O número de divórcios no Brasil e no mundo é realmente muito expressivo. Infelizmente é grande o número de casamentos que vão a pique, e muitos acabam nos primeiros anos e até nos primeiros meses. E vale destacar também que a saúde dos casais dá sinais de problemas graves. Diante de todos esses desafios, é grande o número de pessoas que já não acreditam mais no casamento (inclusive muitos que casados estão) e o encaram até como uma instituição obsoleta. Refletir sobre isto, contudo, é necessário, sobretudo, à luz das Escrituras.
Essa incerteza em torno do casamento é, em grande medida, resultado da assimilação da cultura pós-moderna pautada pelo hedonismo e utilitarismo. Nos tópicos a seguir refletimos justamente sobre os elementos que são fundamentais para a construção e manutenção da vida conjugal que, quando entendidos e praticados, levam a uma vida a dois mais equilibrada e feliz. E o primeiro consiste justamente em refletir sobre se entendemos corretamente o que é o casamento e o seu real significado. Isto é fundamental num mundo de utopias frustradas e de estereótipos construídos socialmente que são inalcansáveis.

1.1 Entendemos corretamente o casamento?
O primeiro passo para um casamento saudável é entender seu real significado. Muitas pessoas se casam com motivações equivocadas e sem ter em mente o que devem esperar realmente da vida a dois. Neste sentido, não é incorreto afirmar que em muitos casos, o casamento começa a ruir mesmo antes de ter sido oficializado diante de um ministro do evangelho.
A vida conjugal tem algumas implicações fundamentais que devem ser do conhecimento de ambas as partes, antes mesmo de chegarem ao "Sim". Homem e mulher, cônscios de seu papel e de suas responsabilidades, haverão de usufruir juntos das benesses e alegrias de uma vida a dois e poderão juntos construir um projeto que seja, de fato, para a vida a dois, “até que a morte os separe”.

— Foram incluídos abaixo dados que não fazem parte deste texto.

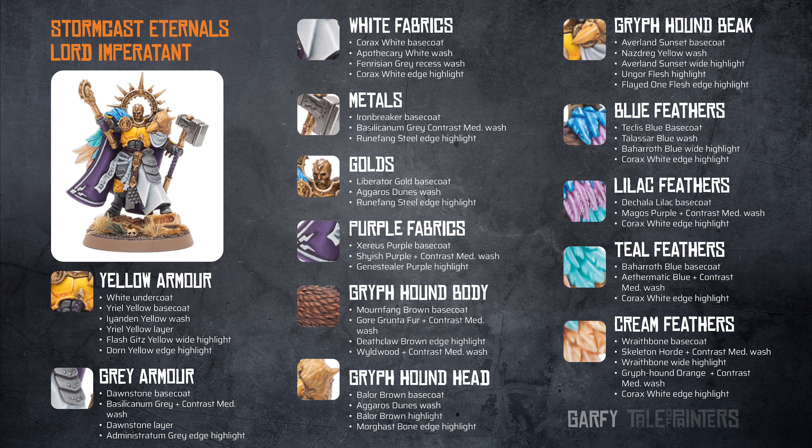The grey armour is a Dawnstone base coat, a Basilicanum Grey and contrast medium wash, and then a layer of Dawnstone was applied over the top before being edge highlighted with Administratum Grey.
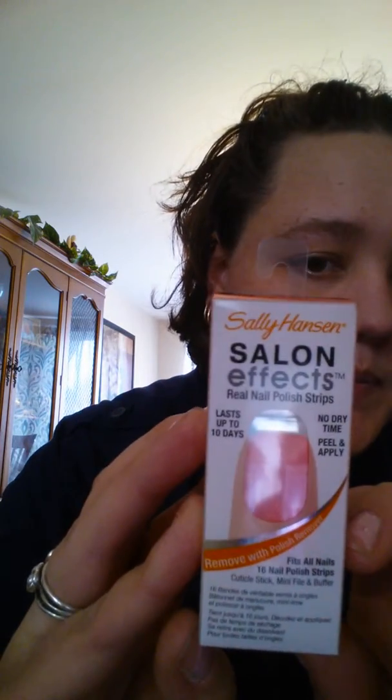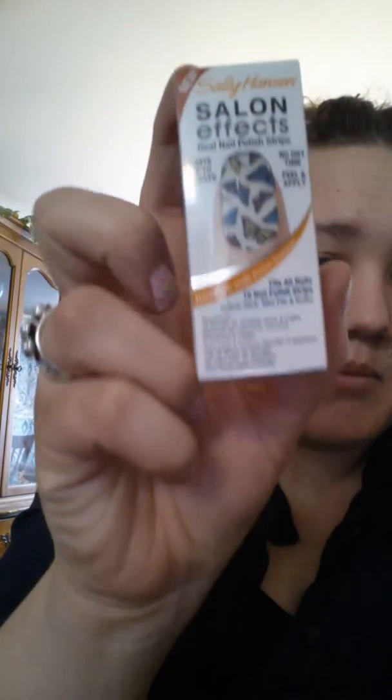I've been seeing everybody hauling the Sally Hansen nail polish strips and they've been getting them from the Dollar Tree, but my Dollar Tree doesn't have them — not like everybody else finds. So I ended up going to Big Lots, which was right next to our Dollar Tree, and I saw the Sally Hansen nail strips. I thought they were probably like three or four dollars, but they were only a dollar! So I got two just to try out. One is called Wishful Pinking, and I also got Fly With Me — I am a butterfly fanatic, love anything butterfly. I'm going to try those out and let you guys know how I like them.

1.2 Implicações da vida a dois
A escolha pela vida conjugal naturalmente gera responsabilidades que devem ser assumidas tanto pelo homem como pela mulher, numa ação colaborativa. Infelizmente, muitos casais assumem uma postura combativa e competitiva ao invés de se “abraçarem” para juntos construírem um lar feliz. Por mais paradoxal que isso pareça, tem sido a realidade de muitos casais.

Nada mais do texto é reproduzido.